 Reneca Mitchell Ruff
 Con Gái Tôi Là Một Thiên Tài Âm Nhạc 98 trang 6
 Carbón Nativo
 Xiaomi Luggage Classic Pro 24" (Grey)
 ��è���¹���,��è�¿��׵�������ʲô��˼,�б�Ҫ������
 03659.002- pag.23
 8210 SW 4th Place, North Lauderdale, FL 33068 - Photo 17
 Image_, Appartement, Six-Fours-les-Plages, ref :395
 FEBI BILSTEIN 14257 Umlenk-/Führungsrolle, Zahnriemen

※ ※ ※

* _Activity_: Every line, from the one holding "Image_, Appartement, Six-Fours-les-Plages, ref" through the last line of the material above, should be transcribed exactly, and no line outside that range.

* _Answer to this task_:
 Image_, Appartement, Six-Fours-les-Plages, ref :395
 FEBI BILSTEIN 14257 Umlenk-/Führungsrolle, Zahnriemen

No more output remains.